I mentioned keeping interest rates low to encourage spending and discourage savings. This has a similar effect as when any prices are kept artificially low. Increased demand and reduced supply of loans. By discouraging savings, there is less to loan, which is fixed by new injections of money (inflation) which creates an illusion of more capital and leads to mismanaged investments, as the resulting inflation obscures the communication of supply and demand via prices.

This all parallels what Saifedean Ammous talks about in The Bitcoin Standard when he discusses Time Preference and how, contrary to Keynesian interpretation, savings (low time preference) benefits individuals and society as a whole. 

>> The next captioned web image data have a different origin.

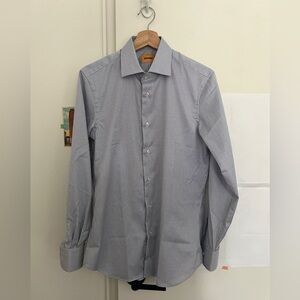 Harold Dress Shirt - size 38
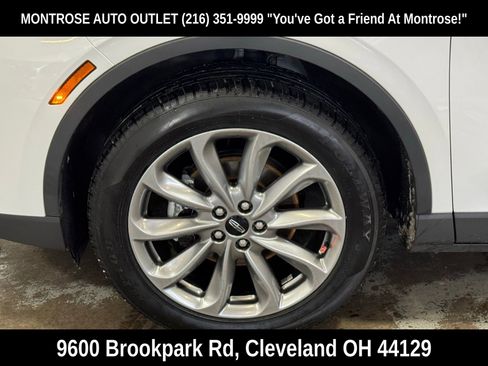 Used 2022 Lincoln Corsair AWD w/ Premium Package image 54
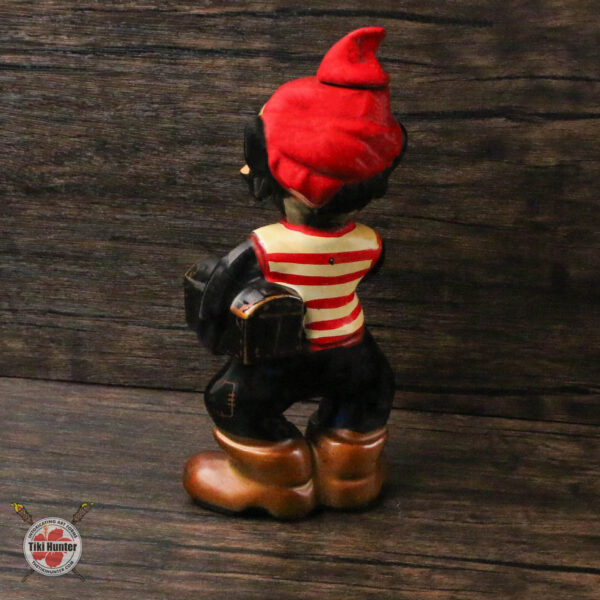 Tilso Pirate - Tilso Japan - Decanter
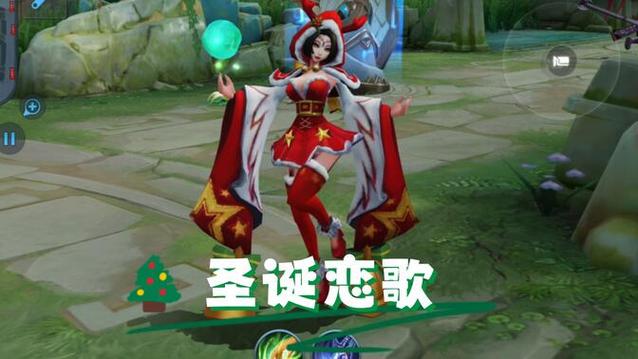 貂蝉圣诞恋歌最全游戏攻略解说_貂蝉圣诞恋歌最新游戏技巧通关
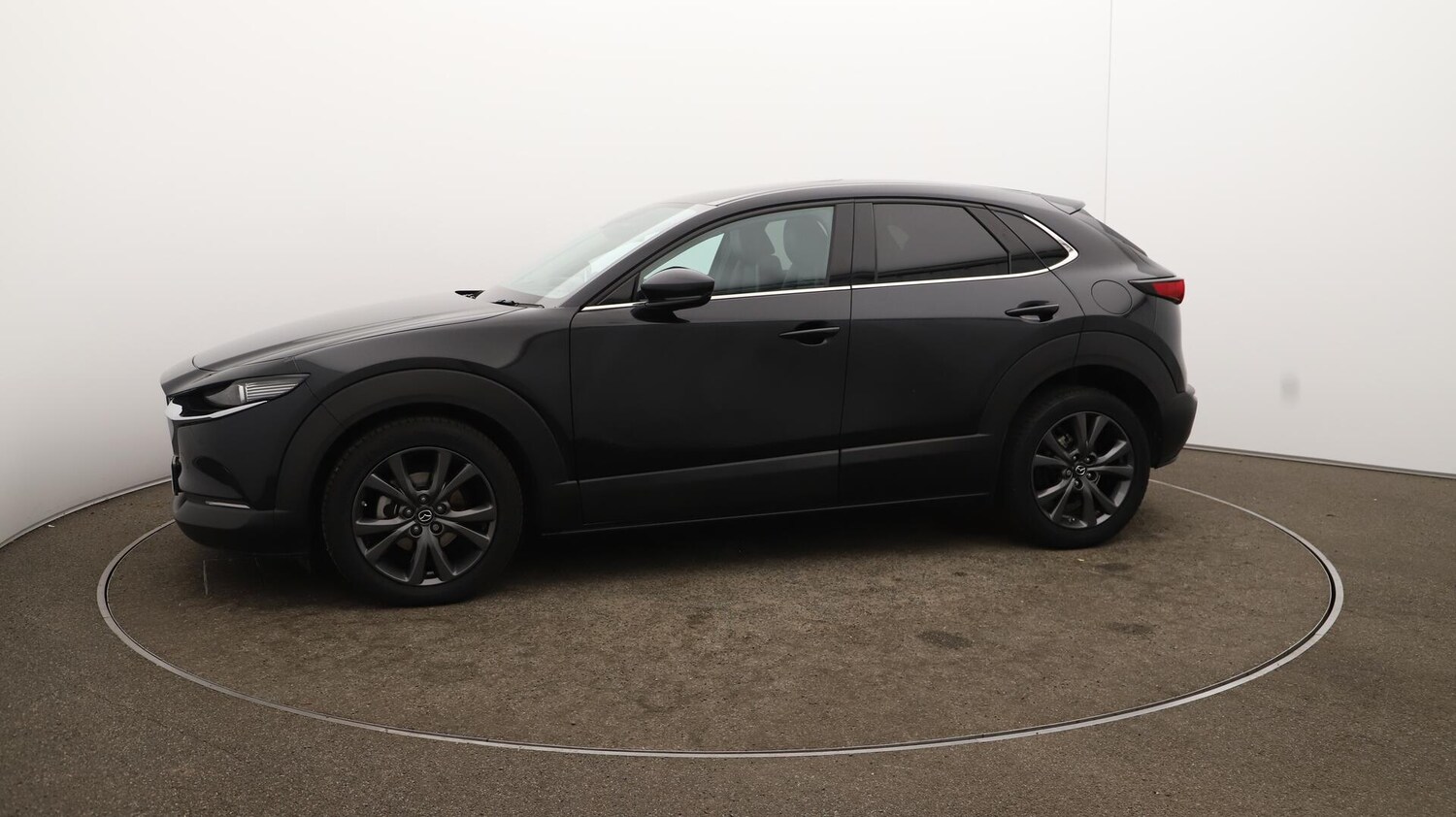 Used Mazda CX-30 2022 for sale - 76190015: Photo 69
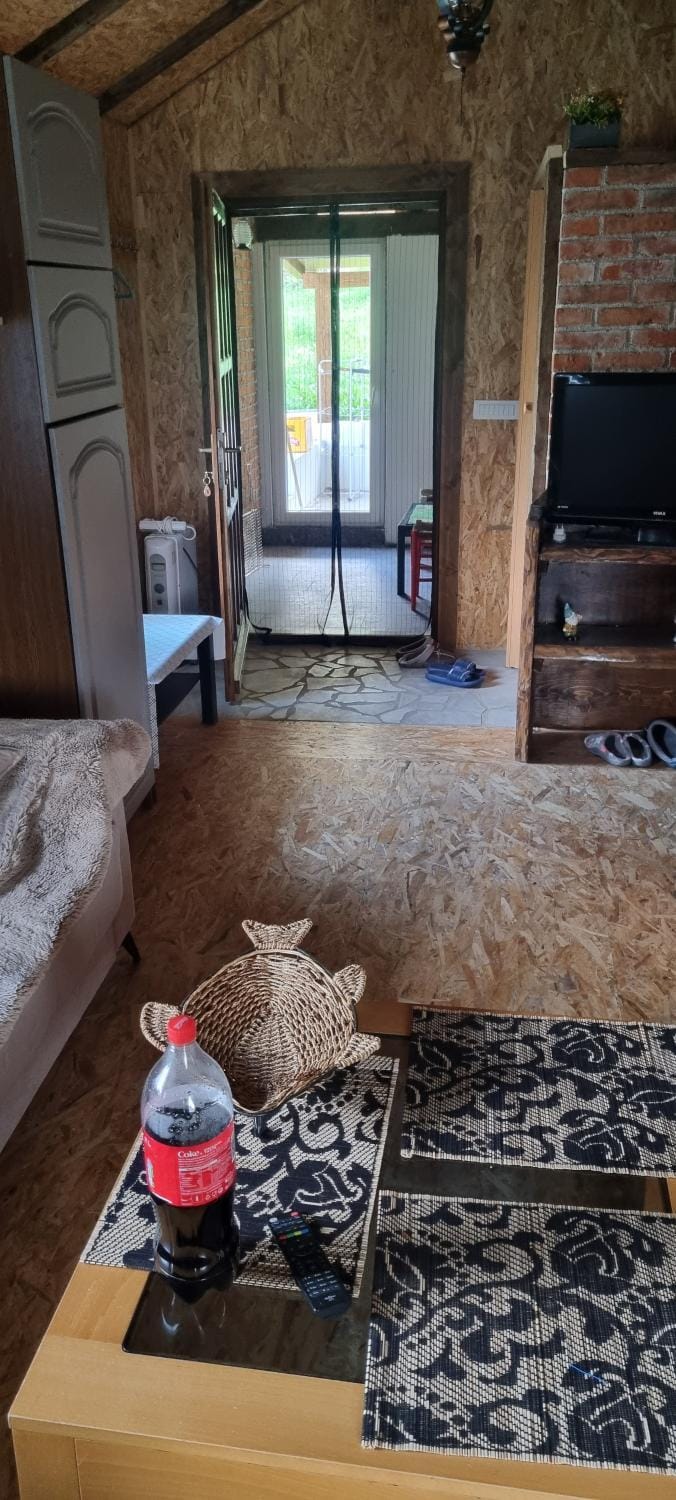 Planinska kuca Gogo Chalet in Federation of Bosnia and Herzegovina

Chapter XXV The Lesson Restated

The economy is a complex system. There is often a small part of the system that seems unfair or even dangerous, but to reach forth a hand to fix it is to inadvertently affect all other areas of the system, often in disastrous ways. The summary in the chapter reminded me of the little part of Bastiat that I started reading about two years ago. We are all producers (we earn) and we are all consumers (we spend). In our role as producers we want high prices and in our role as consumer we want low prices. It depends on what hat we are wearing at the time. When we view the entire system we can see that a plus on one side equals a minus on the other. Hazlitt quotes from William Graham Sumner about the Forgotten Man. A sees a problem that is bothering X and talks it over with B. A and B propose a law to help X. Poor C never enters into the equation, even though he will finance this law in one way or another. "It is C, the Forgotten Man, who is always called upon to stanch the politician's bleeding heart by paying for his vicarious generosity." 

Part III The Lesson After Thirty Years

Although the book was originally written in 1946, it was revised in 1978, as is evidenced by the inclusion throughout the book of real life examples after 1946. Hazlitt bemoans the fact that the one lesson does not appear to have had much affect, and talks about the US deficit "soaring" to $49 billion. If only he could see that we've reached $30 trillion in debt, I'm sure he'd have some things to say. He touches on a proposal in the 1970s for a UBI, although that wasn't what it was called at the time. "It would be hard to imagine a plan more clearly calculated to discourage work and production and eventually to impoverish everybody." He also criticizes the ending of the gold standard and Social Security. He explains how, whatever good intentions it began with, SS because a beast of it's own mind that could not be controlled. It grew so far out of hand that in 1977 the unfunded liabilities reached $4.1 trillion. I laughed at the way he put 'trillion' in italics, again imagining what he'd think of the current state of things. He basically describes how SS is a ponzi scheme without using that word. Maybe that word didn't exist yet, IDK. And yet it is political suicide to cut back SS, as so many people depend on it. A final quote to sum up the spirit of the book. "Practically all government attempts to redistribute wealth and income tend to smother productive incentives and lead toward general impoverishment. It is the proper sphere of government to create and enforce a framework of law that prohibits force and fraud. But it must refrain from specific economic interventions. Government's main economic function is to encourage and preserve a free market."